Was soll man nun halten von dem gar zu wohlwollenden Umgang der Bayern mit dem bekennenden Steuersünder Uli Hoeneß? Dazu, dass man ihn im Verein verteidigt, dass die Anhänger des Clubs ihm so schnell und offenherzig zu vergeben scheinen? Dass so viele in der Münchener Prominenz nicht von ihrem alten Weggefährten abrücken wollen? Dass die offizielle bayerische Politik um Ministerpräsident Seehofer sich zumindest eine höfliche Neutralität gestattet und vor Vorverurteilung und einem Prominentenmalus im laufenden Verfahren warnt?

Man kann es sich leicht machen und das den besonderen Soziotopen zuschreiben, in denen sich dieser Fall bewegt, der Sportwelt mit ihren halbseidenen Funktionären und Patronen alten Schlages, den speziellen Regeln in Bayern, wo einst Franz Josef Strauß nach seinen eigenen Gesetzen regierte und auch seine Erben nicht alles ganz so krumm nehmen wie anderswo. Aber man kann sich auch umgekehrt fragen, warum in der Politik nicht geht, was im Sport zu gehen scheint, warum in einer zunehmend entchristianisierten Gesellschaft die Fähigkeit zum Vergeben immer mehr abnimmt.

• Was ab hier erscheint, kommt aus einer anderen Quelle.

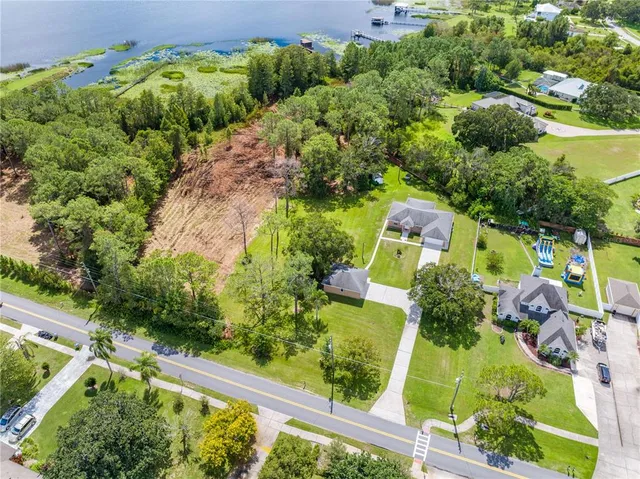 $675,000 | 6210 Bass Highway, St. Cloud, FL 34771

Es ist ein unschönes Spiel geworden, Prominente, die gefehlt haben, zu Aussätzigen zu machen und sie nachher mindestens so sehr zu hassen, wie sie zuvor angehimmelt wurden; gewiss verstärkt und beschleunigt durch die moderne Medienwelt. Christian Wulff hat dieses Schicksal erlitten, dessen Verfehlungen nach dem, was die Staatsanwaltschaft nach akribischer Suche zusammentragen konnte, auf ein nahezu lächerliches Maß zusammengeschrumpft sind. Man muss sich nur die Protestler in Erinnerung rufen, die beim Verabschiedungs-Zapfenstreich vor der Absperrung standen, in Vuvuzelas tröteten und in unsäglicher Geste ihre Schuhe in die Luft hielten wie die ägyptische Opposition nicht lange zuvor gegen den Gewaltherrscher Mubarak: Dann sieht man den ekelhaften Hass der Selbstgerechten, die einen Sünder an den öffentlichen Pranger stellen und menschlich vernichten wollen. Und ihn zum Ausgestoßenen machen wollen, auch nachdem er Amt und Würde verloren und auch sonst kräftig gebüßt hat. Den Freiherrn zu Guttenberg, der nach zwei Jahren selbst im amerikanischen Exil nicht sicher ist vor kindischen Protesten deutscher Professoren und dem Furor ihrer Studenten, hat es ähnlich schlimm getroffen. Während merkwürdigerweise ein bekennender Steinewerfer Bundesminister bleiben konnte und ein bekennender Pädophiler Abgeordneter, und man sich wohl fragen kann, was denn eigentlich schlimmer ist; aber die Frage, warum das eine für Journaille und Öffentlichkeit verzeihlich zu sein scheint und das andere nicht, wollen wir hier nicht aufwerfen.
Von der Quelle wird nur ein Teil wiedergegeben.